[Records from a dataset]
* * * *

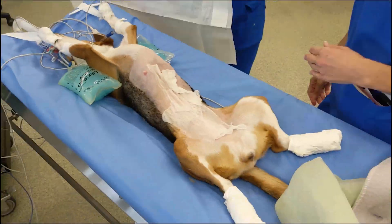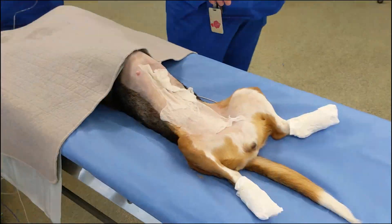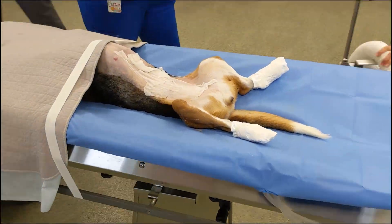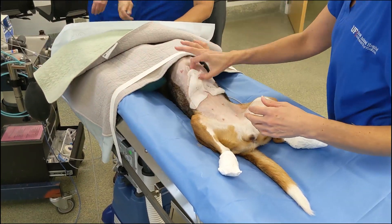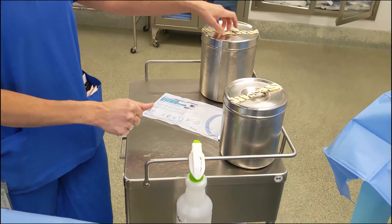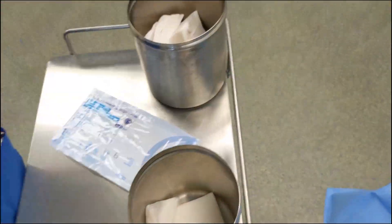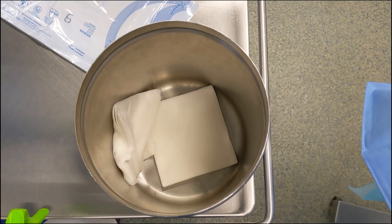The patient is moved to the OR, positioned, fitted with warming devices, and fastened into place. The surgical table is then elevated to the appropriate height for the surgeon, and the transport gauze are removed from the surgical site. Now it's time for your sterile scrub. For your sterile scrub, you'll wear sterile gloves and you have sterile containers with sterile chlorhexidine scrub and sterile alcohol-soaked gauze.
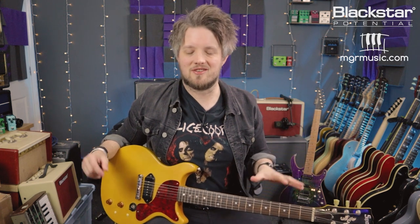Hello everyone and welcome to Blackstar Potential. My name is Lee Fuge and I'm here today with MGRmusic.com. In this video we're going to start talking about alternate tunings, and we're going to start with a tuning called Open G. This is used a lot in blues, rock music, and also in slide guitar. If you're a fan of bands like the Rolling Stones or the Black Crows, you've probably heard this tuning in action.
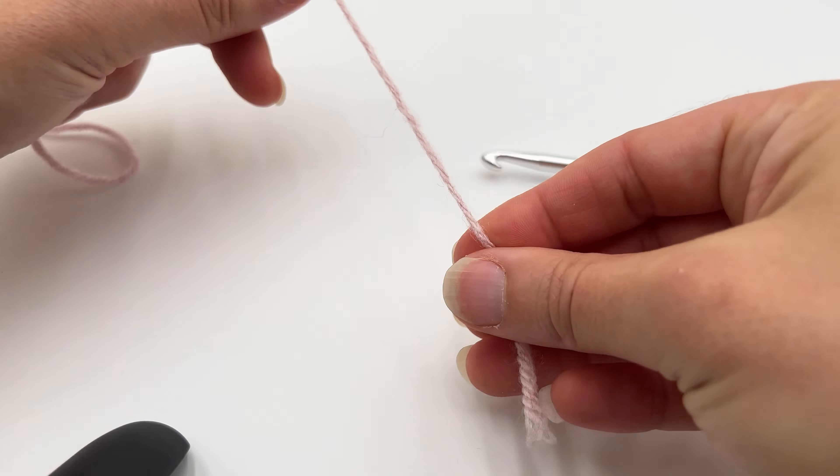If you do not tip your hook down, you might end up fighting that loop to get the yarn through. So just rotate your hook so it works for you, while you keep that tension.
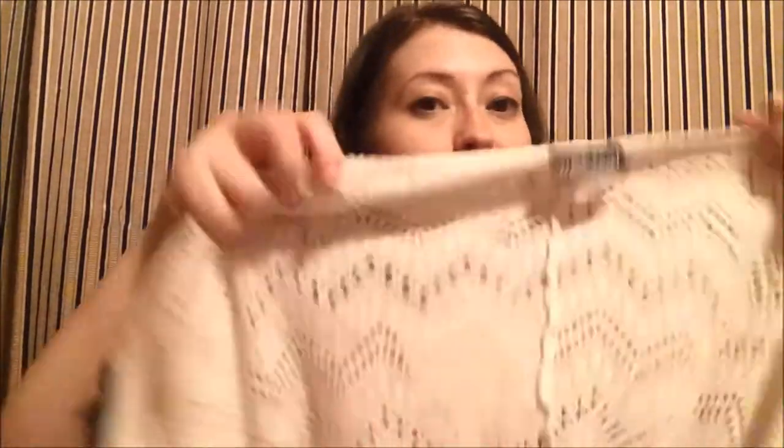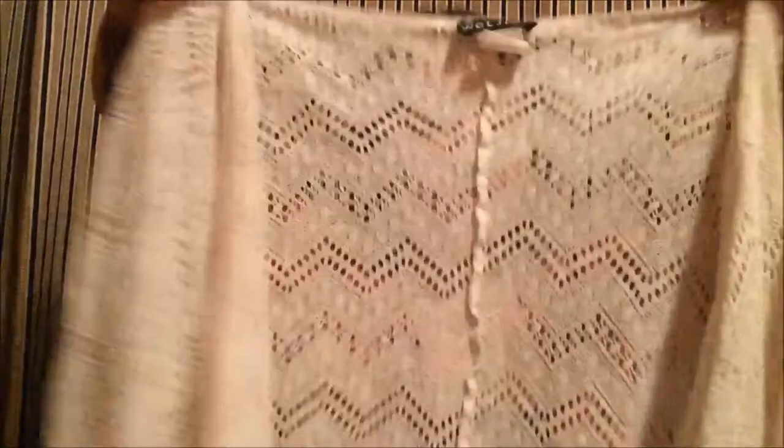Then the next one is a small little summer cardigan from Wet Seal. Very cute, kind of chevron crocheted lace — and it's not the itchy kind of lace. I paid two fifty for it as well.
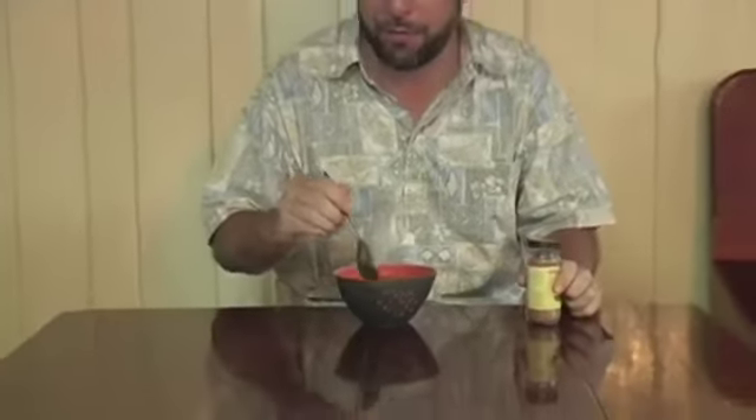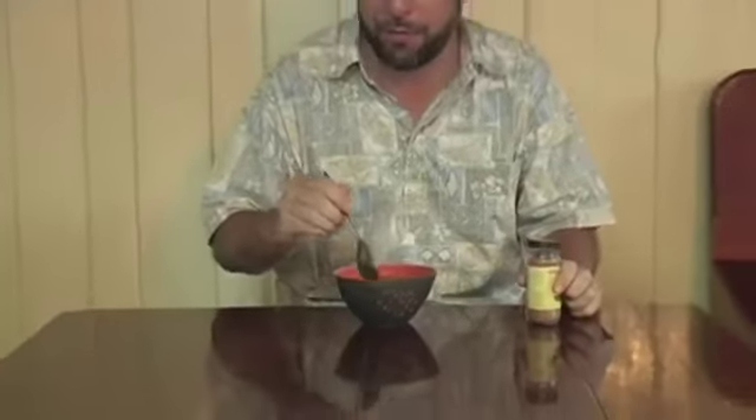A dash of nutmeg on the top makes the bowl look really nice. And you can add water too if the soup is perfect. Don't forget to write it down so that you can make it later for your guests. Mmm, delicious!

* * * *

## Exercise
Through the line containing "Hello everyone and" and no further, restate the data above word for word from its first line, leaving out pictures.

## Expected output
The patient is moved to the OR, positioned, fitted with warming devices, and fastened into place. The surgical table is then elevated to the appropriate height for the surgeon, and the transport gauze are removed from the surgical site. Now it's time for your sterile scrub. For your sterile scrub, you'll wear sterile gloves and you have sterile containers with sterile chlorhexidine scrub and sterile alcohol-soaked gauze.
Hello everyone and welcome to Blackstar Potential. My name is Lee Fuge and I'm here today with MGRmusic.com. In this video we're going to start talking about alternate tunings, and we're going to start with a tuning called Open G. This is used a lot in blues, rock music, and also in slide guitar. If you're a fan of bands like the Rolling Stones or the Black Crows, you've probably heard this tuning in action.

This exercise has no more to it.